Avatar no sólo muestra el alcance que tiene la tecnología en la realización de producciones cinematográficas, también lleva un mensaje para unos cuantos “angelitos” de la Tierra que están realmente equivocados. Sí, hablo de aquellos Homo sapiens que parecen estar poseídos por la ambición descontrolada de riquezas materiales; me refiero a los que abusan de la potencia de las máquinas para reemplazar el verde de la clorofila por grises de concreto; y aquellos que jamás piensan y/o calculan en las consecuencias de romper el equilibrio de un sistema. ¿Cuál es el límite del síndrome de superioridad que padecemos cuando abrimos los ojos?

Reprochable es el concepto que se tiene sobre otras especies al considerarlas inferiores, pues de alguna u otra manera nos creemos dueños de la dinámica perfecta establecida por los que están debajo de “la cumbre de la evolución”.  Hasta el momento, en la Tierra les hemos ganado la batalla a los insectos, a las plantas y a los demás vertebrados, y si en un par de años encontramos un planeta como Pandora, ¿ganaremos la guerra?

No me atrevería a afirmar que un aire diferente al bélico acompañe a los de mi especie en el caso hipotético de llegar a otro astro, pues los primeros en llegar a explorar un nuevo mundo no serían los miembros de la ONU o de Greenpeace.

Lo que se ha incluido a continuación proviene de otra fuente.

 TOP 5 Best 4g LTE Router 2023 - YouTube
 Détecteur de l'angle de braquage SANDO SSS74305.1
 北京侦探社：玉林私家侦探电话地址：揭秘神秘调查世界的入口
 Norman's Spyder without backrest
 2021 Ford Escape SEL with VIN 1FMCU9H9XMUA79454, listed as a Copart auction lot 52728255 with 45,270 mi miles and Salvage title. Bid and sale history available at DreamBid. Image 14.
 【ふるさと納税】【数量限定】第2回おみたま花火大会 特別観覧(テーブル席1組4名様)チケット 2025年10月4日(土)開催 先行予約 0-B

Los comisionados serían aquellos que tienen un buen dominio de la tecnología útil y también de la de destrucción masiva. Creo que en eso acierta el autor de la historia, al personificarnos como una especie que posee un pequeño espíritu positivo negociador que se evapora cuando la impaciencia reina en nuestro cerebro al no alcanzar los objetivos con celeridad.

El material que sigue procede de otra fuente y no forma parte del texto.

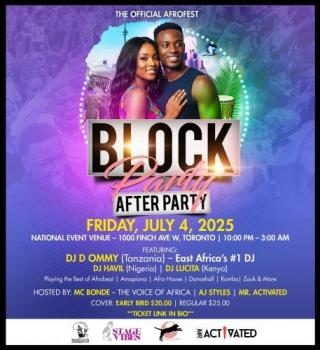 Afrofest Block Party - After Party 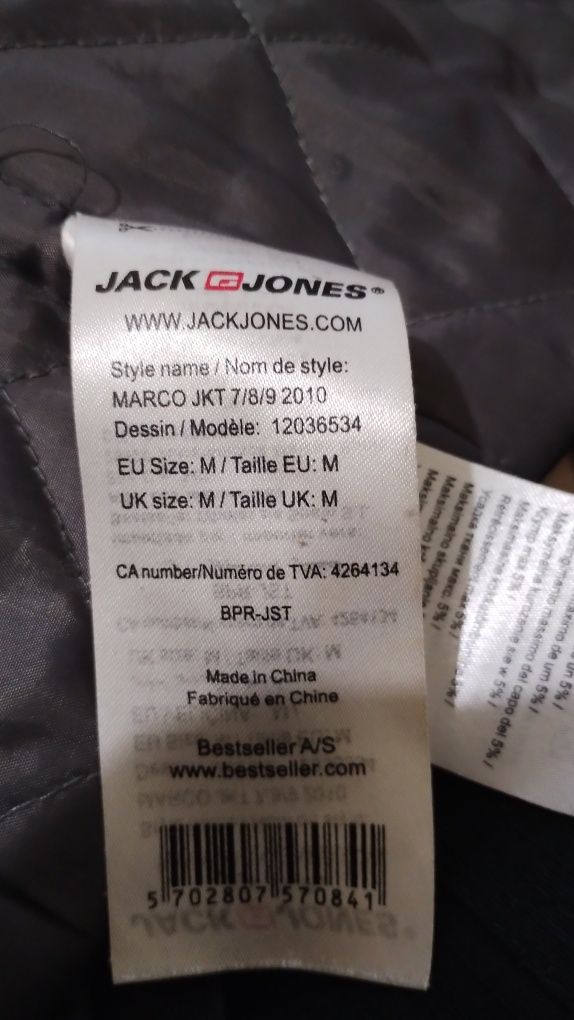 Продавам мъжко яке jack jones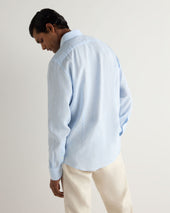 Men's Cannes Linen Shirt Light Blue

El otro lado de la balanza de Avatar está representado por una especie “poco evolucionada”, si se tiene en cuenta solamente que las herramientas que han creado para cumplir con el principio de supervivencia son arcos y flechas. Unas criaturas con adaptaciones morfológicas diferentes a las nuestras, que usan taparrabo, tienen un concepto claro del significado de la palabra respeto, valoran cada uno de los individuos del ecosistema en el que habitan, porque además,  tienen la capacidad de interconectarse para funcionar  exitosamente como una sola unidad.  En este planeta imaginario existe la igualdad, palabra que en nuestros idiomas se resume en un signo matemático.

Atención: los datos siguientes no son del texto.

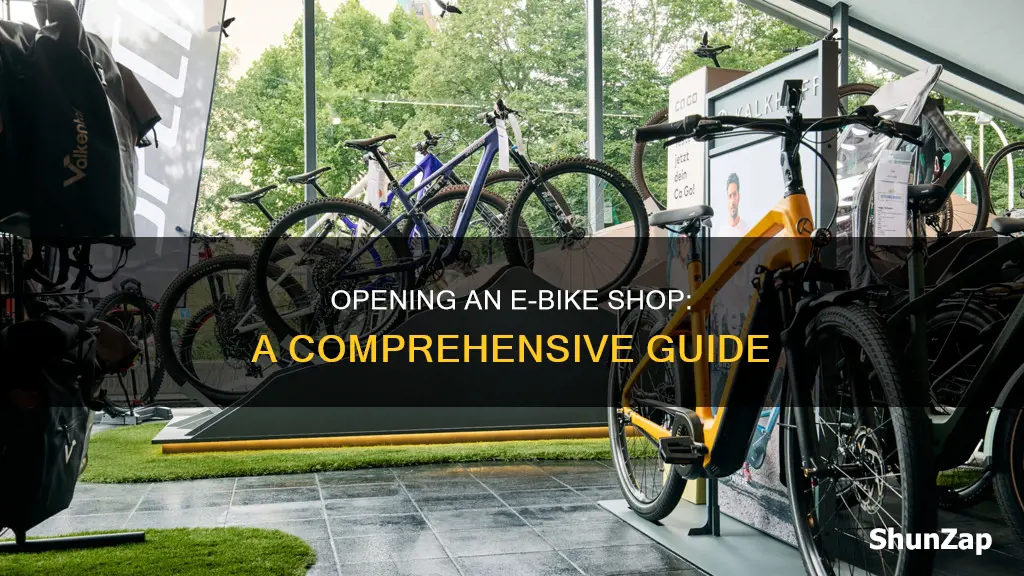 how to open an electric bike shop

El día que el ser humano dejó de considerarse parte de un todo para poder dominarlo, se rompió la armonía del equilibrio natural. Esta es la enseñanza  que deja una historia fundamentada y costosa a los de este planeta, o  por lo menos a un ingeniero civil que conozco, que hasta hace poco mandaba a talar árboles para hacer plataformas, sin pensar si había un nido de pájaros en alguna de las ramas. Ahora él considera que la próxima vez que le toque hacerlo – como él dice-, le va a costar.